··· Records provided ···
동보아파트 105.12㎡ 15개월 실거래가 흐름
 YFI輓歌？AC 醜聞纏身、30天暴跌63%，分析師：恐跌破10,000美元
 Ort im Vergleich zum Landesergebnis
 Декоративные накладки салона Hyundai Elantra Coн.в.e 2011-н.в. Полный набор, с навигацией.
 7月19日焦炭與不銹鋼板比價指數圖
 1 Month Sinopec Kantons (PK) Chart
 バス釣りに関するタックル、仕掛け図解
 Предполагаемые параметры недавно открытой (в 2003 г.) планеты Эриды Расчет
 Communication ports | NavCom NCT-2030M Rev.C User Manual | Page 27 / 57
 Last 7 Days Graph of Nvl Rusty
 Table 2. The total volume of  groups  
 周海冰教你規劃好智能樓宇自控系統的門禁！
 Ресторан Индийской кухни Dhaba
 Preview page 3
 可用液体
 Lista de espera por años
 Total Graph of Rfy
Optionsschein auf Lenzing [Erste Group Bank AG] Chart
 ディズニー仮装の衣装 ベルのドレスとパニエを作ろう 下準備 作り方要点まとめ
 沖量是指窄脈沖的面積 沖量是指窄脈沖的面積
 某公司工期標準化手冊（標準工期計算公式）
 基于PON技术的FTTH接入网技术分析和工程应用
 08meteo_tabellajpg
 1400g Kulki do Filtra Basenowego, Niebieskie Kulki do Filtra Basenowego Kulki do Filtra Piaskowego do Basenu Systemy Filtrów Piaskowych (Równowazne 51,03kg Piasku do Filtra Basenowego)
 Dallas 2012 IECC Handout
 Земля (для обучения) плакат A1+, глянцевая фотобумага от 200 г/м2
···
Prompt » Repeat exactly, and only, the lines from the one containing "1 Month Sinopec Kantons (PK) Chart" through the last line above.

Exercise output »
 1 Month Sinopec Kantons (PK) Chart
 バス釣りに関するタックル、仕掛け図解
 Предполагаемые параметры недавно открытой (в 2003 г.) планеты Эриды Расчет
 Communication ports | NavCom NCT-2030M Rev.C User Manual | Page 27 / 57
 Last 7 Days Graph of Nvl Rusty
 Table 2. The total volume of  groups  
 周海冰教你規劃好智能樓宇自控系統的門禁！
 Ресторан Индийской кухни Dhaba
 Preview page 3
 可用液体
 Lista de espera por años
 Total Graph of Rfy
Optionsschein auf Lenzing [Erste Group Bank AG] Chart
 ディズニー仮装の衣装 ベルのドレスとパニエを作ろう 下準備 作り方要点まとめ
 沖量是指窄脈沖的面積 沖量是指窄脈沖的面積
 某公司工期標準化手冊（標準工期計算公式）
 基于PON技术的FTTH接入网技术分析和工程应用
 08meteo_tabellajpg
 1400g Kulki do Filtra Basenowego, Niebieskie Kulki do Filtra Basenowego Kulki do Filtra Piaskowego do Basenu Systemy Filtrów Piaskowych (Równowazne 51,03kg Piasku do Filtra Basenowego)
 Dallas 2012 IECC Handout
 Земля (для обучения) плакат A1+, глянцевая фотобумага от 200 г/м2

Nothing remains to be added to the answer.